To describe the work and knowledge this pioneering DJ, music producer, fashion designer and soul music authoritarian has done over his four decade strong career would take more than this interview. What Jazzie B has done and continues to do for the British soul music industry is the stuff of legends really and quite fittingly so as he is indeed a legend himself. More than just the founder of 90’s supergroup Soul II Soul, Jazzie B wears a great many titles under his sole passion of music and creative ingenuity.
This Hornsey London born native is the ninth of ten children born to parents of Antiguan descent. Trevor Beresford Romeo OBE ( appointed Officer of the Order of the British Order by Queen Elizabeth II in 2008) aka Jazzie B was raised in a home flooded with music and began running sound systems in the late 60’s early 1970’s working under the name of Jah Rico. Gaining his first gig in 1977 with friends they soon amassed a following that eventuated in a name change and a game change as Soul II Soul in 1982. The group itself went on to shine a light in the UK soul sound system movement and with Jazzie as its captain, he steered the groups success through the late eighties, early nineties right up until present times, their music standing ground as one of the most important and influential sounds behind the emergence of neo soul from a British perspective. Jazzie, along with Caron Wheeler and MC Chikaboo, whom are still current members of the Soul II Soul movement went on to create some award winning music and albums, giving the world hit after hit with “ Back to Life”, “Keep on Moving”, “ A Dreams a Dream” and many more. Gaining massive success and accolades in the UK, the Soul II Soul sound reached the globe and hit the America’s hard reaching Top 10 and certified platinum status of their “Back to Life” album. The vision Jazzie B had for how far his sound system movement would reach has cemented itself as one that is still necessary to the foundation of the UK soul industry and was echoed at the Ivor Novello Awards in May 2008 where he was awarded the first Inspiration Award for being “the man who gave black British music a soul of its own”.

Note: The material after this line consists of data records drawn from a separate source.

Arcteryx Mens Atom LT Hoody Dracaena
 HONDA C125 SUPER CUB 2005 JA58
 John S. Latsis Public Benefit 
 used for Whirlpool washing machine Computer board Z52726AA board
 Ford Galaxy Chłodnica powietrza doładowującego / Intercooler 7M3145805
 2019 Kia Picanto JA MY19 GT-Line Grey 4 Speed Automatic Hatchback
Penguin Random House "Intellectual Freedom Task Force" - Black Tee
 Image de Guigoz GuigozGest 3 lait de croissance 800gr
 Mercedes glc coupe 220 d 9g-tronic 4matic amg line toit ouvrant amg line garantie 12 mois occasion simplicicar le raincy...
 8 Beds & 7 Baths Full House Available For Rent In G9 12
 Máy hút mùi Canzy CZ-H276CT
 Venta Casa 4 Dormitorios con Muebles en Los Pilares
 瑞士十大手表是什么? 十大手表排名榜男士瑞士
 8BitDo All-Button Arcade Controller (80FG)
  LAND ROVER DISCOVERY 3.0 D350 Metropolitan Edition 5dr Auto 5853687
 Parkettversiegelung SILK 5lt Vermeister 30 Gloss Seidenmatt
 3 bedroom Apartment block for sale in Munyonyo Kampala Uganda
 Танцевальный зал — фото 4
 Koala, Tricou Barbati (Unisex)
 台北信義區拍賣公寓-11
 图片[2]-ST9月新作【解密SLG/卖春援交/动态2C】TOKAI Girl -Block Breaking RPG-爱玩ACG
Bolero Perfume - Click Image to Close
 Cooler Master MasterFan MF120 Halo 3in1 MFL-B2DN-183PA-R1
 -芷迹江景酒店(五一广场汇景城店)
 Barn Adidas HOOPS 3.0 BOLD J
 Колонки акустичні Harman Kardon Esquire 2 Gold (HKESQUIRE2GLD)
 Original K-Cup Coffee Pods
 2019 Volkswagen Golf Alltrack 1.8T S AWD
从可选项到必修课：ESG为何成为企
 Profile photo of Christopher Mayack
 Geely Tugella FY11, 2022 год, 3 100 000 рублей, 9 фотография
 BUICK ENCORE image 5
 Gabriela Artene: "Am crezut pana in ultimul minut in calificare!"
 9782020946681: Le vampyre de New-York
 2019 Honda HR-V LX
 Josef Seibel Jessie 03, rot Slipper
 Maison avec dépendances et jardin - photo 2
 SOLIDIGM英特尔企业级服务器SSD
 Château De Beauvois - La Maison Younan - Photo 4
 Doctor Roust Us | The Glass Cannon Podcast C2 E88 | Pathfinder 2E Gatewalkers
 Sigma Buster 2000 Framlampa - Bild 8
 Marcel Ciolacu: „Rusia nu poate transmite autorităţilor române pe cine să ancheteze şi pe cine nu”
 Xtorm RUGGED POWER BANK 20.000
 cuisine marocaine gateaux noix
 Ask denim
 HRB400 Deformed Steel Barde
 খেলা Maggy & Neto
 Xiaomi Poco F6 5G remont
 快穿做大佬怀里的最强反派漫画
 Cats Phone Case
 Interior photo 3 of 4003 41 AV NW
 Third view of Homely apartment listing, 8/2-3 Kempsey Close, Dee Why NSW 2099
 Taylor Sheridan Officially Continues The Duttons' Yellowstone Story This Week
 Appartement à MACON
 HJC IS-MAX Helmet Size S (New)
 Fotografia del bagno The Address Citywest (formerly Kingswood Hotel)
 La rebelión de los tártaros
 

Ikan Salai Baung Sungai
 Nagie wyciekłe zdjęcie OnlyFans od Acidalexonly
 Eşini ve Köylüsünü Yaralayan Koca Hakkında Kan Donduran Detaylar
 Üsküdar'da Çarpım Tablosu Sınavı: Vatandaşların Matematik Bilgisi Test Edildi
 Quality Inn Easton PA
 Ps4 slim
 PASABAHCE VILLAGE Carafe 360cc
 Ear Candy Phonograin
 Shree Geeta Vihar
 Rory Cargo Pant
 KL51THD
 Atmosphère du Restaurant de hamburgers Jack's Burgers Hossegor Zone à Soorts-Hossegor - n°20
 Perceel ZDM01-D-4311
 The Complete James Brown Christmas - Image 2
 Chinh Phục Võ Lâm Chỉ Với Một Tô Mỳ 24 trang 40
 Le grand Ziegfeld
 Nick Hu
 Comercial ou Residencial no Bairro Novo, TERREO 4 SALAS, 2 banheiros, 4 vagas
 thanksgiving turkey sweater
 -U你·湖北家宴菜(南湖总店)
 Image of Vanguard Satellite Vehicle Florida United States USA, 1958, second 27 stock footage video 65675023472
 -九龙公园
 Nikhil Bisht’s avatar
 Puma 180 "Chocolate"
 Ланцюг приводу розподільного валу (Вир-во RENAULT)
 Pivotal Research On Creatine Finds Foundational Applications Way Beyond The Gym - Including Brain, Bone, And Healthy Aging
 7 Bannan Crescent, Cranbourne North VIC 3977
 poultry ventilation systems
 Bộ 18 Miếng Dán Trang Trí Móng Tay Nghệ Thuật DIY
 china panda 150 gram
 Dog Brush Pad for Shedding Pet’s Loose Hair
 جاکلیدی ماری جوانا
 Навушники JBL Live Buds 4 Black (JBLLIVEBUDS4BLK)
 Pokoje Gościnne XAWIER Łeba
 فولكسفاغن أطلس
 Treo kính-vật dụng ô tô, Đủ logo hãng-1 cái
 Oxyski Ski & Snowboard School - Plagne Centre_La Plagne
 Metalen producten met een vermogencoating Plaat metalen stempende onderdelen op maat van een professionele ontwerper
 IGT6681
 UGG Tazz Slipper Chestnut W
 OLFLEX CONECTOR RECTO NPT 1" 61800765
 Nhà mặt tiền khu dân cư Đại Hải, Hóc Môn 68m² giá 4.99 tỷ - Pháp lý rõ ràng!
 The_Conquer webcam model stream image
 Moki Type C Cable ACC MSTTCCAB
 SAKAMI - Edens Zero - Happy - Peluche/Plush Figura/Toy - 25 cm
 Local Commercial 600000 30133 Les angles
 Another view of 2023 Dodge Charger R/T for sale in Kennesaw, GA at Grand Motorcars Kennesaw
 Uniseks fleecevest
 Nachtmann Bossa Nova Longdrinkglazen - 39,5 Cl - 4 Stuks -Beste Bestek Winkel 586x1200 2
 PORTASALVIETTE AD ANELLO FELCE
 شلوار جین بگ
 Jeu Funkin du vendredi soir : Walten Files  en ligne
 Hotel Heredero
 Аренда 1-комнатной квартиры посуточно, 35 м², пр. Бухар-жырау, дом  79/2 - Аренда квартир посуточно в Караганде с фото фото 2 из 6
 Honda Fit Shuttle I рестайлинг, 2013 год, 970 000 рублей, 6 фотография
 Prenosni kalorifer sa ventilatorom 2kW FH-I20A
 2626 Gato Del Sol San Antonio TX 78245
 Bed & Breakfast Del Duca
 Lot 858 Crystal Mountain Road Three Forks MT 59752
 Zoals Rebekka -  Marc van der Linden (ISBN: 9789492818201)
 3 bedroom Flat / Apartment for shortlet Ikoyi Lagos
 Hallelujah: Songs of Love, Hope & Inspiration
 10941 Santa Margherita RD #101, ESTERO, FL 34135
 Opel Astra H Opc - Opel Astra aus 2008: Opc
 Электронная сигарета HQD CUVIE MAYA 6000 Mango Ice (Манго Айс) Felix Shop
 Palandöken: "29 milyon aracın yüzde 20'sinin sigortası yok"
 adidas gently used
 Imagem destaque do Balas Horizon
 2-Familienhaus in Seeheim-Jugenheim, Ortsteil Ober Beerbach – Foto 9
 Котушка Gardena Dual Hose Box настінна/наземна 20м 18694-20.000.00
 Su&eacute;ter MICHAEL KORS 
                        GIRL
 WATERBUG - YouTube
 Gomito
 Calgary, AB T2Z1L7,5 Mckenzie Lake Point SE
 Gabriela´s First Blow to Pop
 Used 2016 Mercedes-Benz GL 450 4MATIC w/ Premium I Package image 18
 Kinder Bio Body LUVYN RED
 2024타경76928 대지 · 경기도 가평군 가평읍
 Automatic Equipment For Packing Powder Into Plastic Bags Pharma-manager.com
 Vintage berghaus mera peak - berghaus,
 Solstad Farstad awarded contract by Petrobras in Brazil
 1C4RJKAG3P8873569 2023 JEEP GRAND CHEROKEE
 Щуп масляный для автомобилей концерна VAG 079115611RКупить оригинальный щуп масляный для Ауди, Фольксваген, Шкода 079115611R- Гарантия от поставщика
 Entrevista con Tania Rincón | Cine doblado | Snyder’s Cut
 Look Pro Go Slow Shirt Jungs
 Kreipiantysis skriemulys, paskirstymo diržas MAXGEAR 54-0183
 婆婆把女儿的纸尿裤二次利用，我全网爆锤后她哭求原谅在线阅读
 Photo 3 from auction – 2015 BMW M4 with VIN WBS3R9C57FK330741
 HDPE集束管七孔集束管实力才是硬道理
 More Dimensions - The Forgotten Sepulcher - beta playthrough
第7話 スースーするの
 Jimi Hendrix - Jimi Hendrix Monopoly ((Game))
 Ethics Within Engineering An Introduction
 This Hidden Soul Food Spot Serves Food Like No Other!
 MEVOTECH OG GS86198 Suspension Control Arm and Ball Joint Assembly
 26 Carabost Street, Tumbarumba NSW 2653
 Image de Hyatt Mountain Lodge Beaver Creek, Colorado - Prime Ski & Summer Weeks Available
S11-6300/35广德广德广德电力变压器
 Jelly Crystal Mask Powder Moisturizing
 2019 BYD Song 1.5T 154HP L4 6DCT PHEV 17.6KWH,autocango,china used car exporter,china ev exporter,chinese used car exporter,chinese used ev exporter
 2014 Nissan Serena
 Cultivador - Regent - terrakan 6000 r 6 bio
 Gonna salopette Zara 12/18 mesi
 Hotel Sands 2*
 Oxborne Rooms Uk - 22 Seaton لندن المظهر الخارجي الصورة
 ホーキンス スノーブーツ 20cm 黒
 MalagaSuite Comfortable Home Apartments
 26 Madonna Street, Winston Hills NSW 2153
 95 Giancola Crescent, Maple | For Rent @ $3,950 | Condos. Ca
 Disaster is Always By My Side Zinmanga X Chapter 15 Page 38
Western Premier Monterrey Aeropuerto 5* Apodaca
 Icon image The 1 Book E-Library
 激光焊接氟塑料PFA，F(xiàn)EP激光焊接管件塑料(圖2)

Yet Jazzie is more than Soul II Soul and is heralded as one of the country’s top music producers to date. With his signature style and sound Jazzie has worked his magic on remixes for the likes of Maxi Priest, Public Enemy, Johnny Gill, Isaac Hayes, Nas and Destiny’s Child to name a few and has produced and presented various artists compilations including Jazzie B Presents Soul II Soul at the Africa Centre ( 2004 ) and Masterpiece ( 2008) to name a few. He is also the founding director of the Featured Artists Coalition and in recent years has taken to teaching students through various talks, Q&A’s about his life and the adventures of Soul II Soul all over the country, has lectured at Cambridge University and addressed the evolution of global music at Manchester’s annual In the City music conference. In addition to this he has also spoken extensively about sound systems and sound system culture for the Red Bull Music Academy and taught music and music technology at Jamie’s Dream School for the UK’s Channel 4 in 2011. How does one man pack all of this into one life? Quite simple really, for Jazzie B it’s always been about the journey music takes him on and not the destination. Not one to be swayed by the trappings of fame and the high life, Jazzie focusses on the art of giving back to the youth through music and his successful and vibrant fashion and culture brand “ The Funki Dred”, which continues to grow each season under the creative guidance of Mr B. Launching his Classics Collection in London’s high end department store Harvey Nichols in 2013 has given the brand a definitive edge as it presents a collection of high end, raw, handmade pieces that inspire a ‘do it yourself’ energy of his early sound system days. Funki Dred and Jazzie B’s aesthetic remains fully global.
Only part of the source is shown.